5. JC Penny — We’re talking massive dollars here, not pennies. And it’s quite a jump for this lovemarked (see appropriate snark below) retailer. Can they really be better liked than…

6. …Target? — All the multiplying pretty people, the swirly stuff and the poppy tunes seem to be paying off.

7. Kohl’s — We’re guessing quietly kicking up their posh quotient with the Vera Bradley line didn’t hurt.

Also of note: Google (#9) and Yahoo (#16) are sending clear signals that search engines play a big role in e-commerce beyond your grandmother’s basic search optimization.

But most importantly, unlike “objective” spending-based rankings, the Favorite 50 assessed how people feel, subjectively, about the retailers they shop with. And while the dollar can’t be neglected as a business driver, it’s brand equity and love that keep it coming year after year. Refreshing to see some commercial entity out there actually cares about how consumers feel, not how much and what they bought today.

GLOSSY VS. GRITTY

While we’re on the subject of brand love and the number-five ranker above, it seems like for lovemarker K-Rob there’s no shame in being one justifiably smug, smart SOB. (You may recall JC Penny’s unexpected, pitchless shift of business to Saatchi & Saatchi, allegedly after top execs were blown away by Saatchi CEO Kevin Roberts’ Lovemarks. If this is the case, it makes it the world’s most expensive book, with a price sticker of the $430-million business.) Especially if he’s willing to put his money where his pen is.

Which he did, kinda. The lovemarketing campaign is a-rollin‘, replete with bouncy imagery, life-is-good cliches, and — our biggest gripe — commodification of formerly-indie acts in soundtracks. (To be fair, as much as we love Regina Spektor, we first thought she was showing symptoms of sellout after being prominently featured on the first season finale of addictive primetime soap Grey’s Anatomy, but this is a whole new level of commercialization.)

Daniel Goleman booksIn any case, our biggest concern with K-Rob’s literary foray is that while it includes some superficially innovative gimmicks, it simply offers a glossy iteration of social and psychological research findings that have been around for quite some time. And while we have tremendous respect for the complex psychological principles behind it all, we’d have to go with the grittier, down-and-dirty reads on the subject.

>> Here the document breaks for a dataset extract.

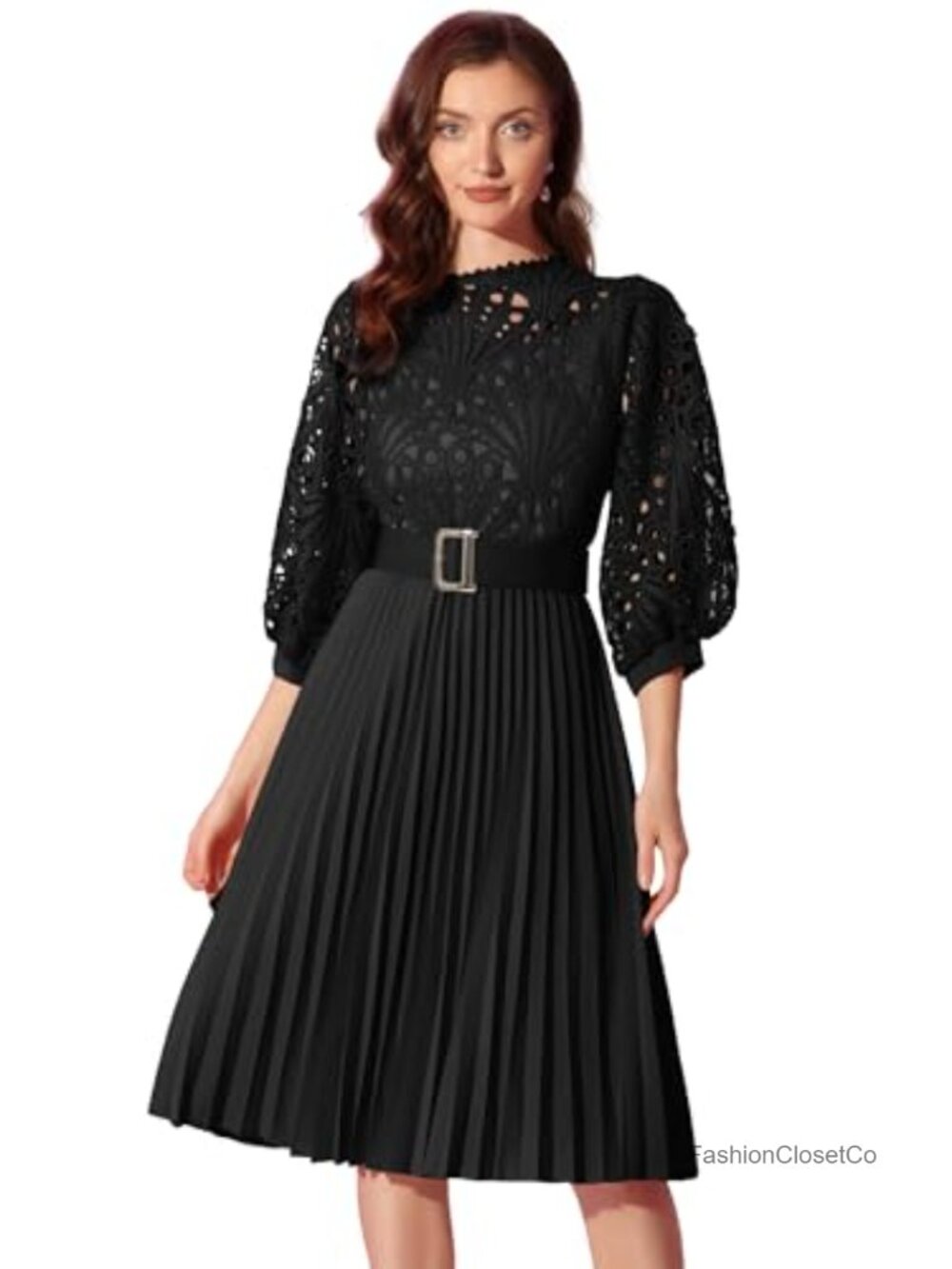 Elegant Lace Crochet Lantern Sleeve Belted Midi Dress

And on that note, here’s a Brain Pickings rarity: a shameless endorsement and recommendation for those who care to dig deeper. Yep, we’re shamelessly endorsing and recommending Daniel Goleman’s Emotional Intelligence (and sequel Social Intelligence), an incredibly smart (yet very credible) foray into sociology, neuroscience, psychology and behavioral science that sheds light on why we ever care about anything. Bonus: Goleman is not an ad agency CEO and the book is not intended to be a new business hook.

ONLY IN PHILLY

Ever feel like you’re constantly climbing the (social, corporate, whatever) ladder to no avail? Philly, always the literalist, has taken that metaphorical concept to a verbatim level. Spotted on the concourse of 30th Street Station by a certain young lad is this architectural head-scratcher.

30th Street Station concourse

Of course, if we had a Gillette Mach 3 Turbo, that wall would be a piece of cake.